The Trouble with Goats and Sheep, novel by Joanna Cannon, set in the Midlands int he 1960/70’s.

The past is another country; they do things differently there,” or at least that’s what L.P. Hartley thought. Personally, I’m not sure. The years certainly appear to change us and the world we live in but really we can’t break with the past – we carry it with us.

IMG_3449I’ve been giving the matter some thought as, “The Trouble with Goats and Sheep,is a novel set firmly in a street on a housing estate in the English Midlands in the 1960’s and 70’s, an environment sufficiently close to the time and place of my own upbringing for me to recognize some characteristic features. And the estate Cannon describes probably still exists today, although with the addition of a few front porches and kitchen extensions. Perhaps they do do things differently there now – but I doubt it.

In creating this familiar but by-gone world Joanna Cannon name-drops freely, which certainly elicits a wave of nostalgia in me but probably leaves younger readers cold.
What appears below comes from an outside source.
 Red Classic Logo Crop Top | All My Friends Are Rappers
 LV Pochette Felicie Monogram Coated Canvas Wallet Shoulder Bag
So, for their benefit here comes a key to some of the references she makes in the first few pages: Harold Wilson (pipe-smoking Labour policitian), Hillman Hunter (not a film star but a British-made car), Angel Delight (powdered dessert which Wikipedia assures me still exists but if so – why?), Space hoppers (children’s toys guaranteed to swell admissions to local Casualty Departments by 20%) and Artic roll (the only appropriate way to finish any meal which starts with a prawn cocktail.)

This is a novel set in the claustrophobic world of respectable, lower-middle and working class homes, where keeping up appearances is an act of will and of self-preservation, where families may seem not to pry, but still take a deep interest in each other’s lives. In it neighbours are united by a shared secret, a shameful event from years before, whose uncovering threatens the precarious suburban harmony.

The Trouble with Goats and Sheep is absorbing, being a sort of cross between Coronation Street and To Kill a Mockingbird – and let’s be honest – that’s not a combination you run across every day. Like the TV soap, you get to learn about the ways individuals shape a place for themselves in their families, how different families interact with each other and how events in the outside word impinge on close-knit communities. And when seen through a child’s eyes the English Midlands, like Harper Lee’s American South, becomes more mysterious, more absurd and more frightening than the adults living there like to acknowledge. Where grown-ups in a small community accept the received wisdom of the group a little too willingly, children become the unwitting force for change with their awkward questions and uncomfortable observations.

This all sounds a bit heavy but in fact the novel is often very funny. It is kids’ views of, and interactions with, their neighbours as they go about trying to solve the disappearance of Mrs Creasy, which made me smile. The author has a great ear for dialogue and her children are treated with sympathy but, thank goodness, without sentimentality. The not-quite-lost world of suburban England in the 1960’s and 70’s has found a trustworthy guide in Joanna Cannon.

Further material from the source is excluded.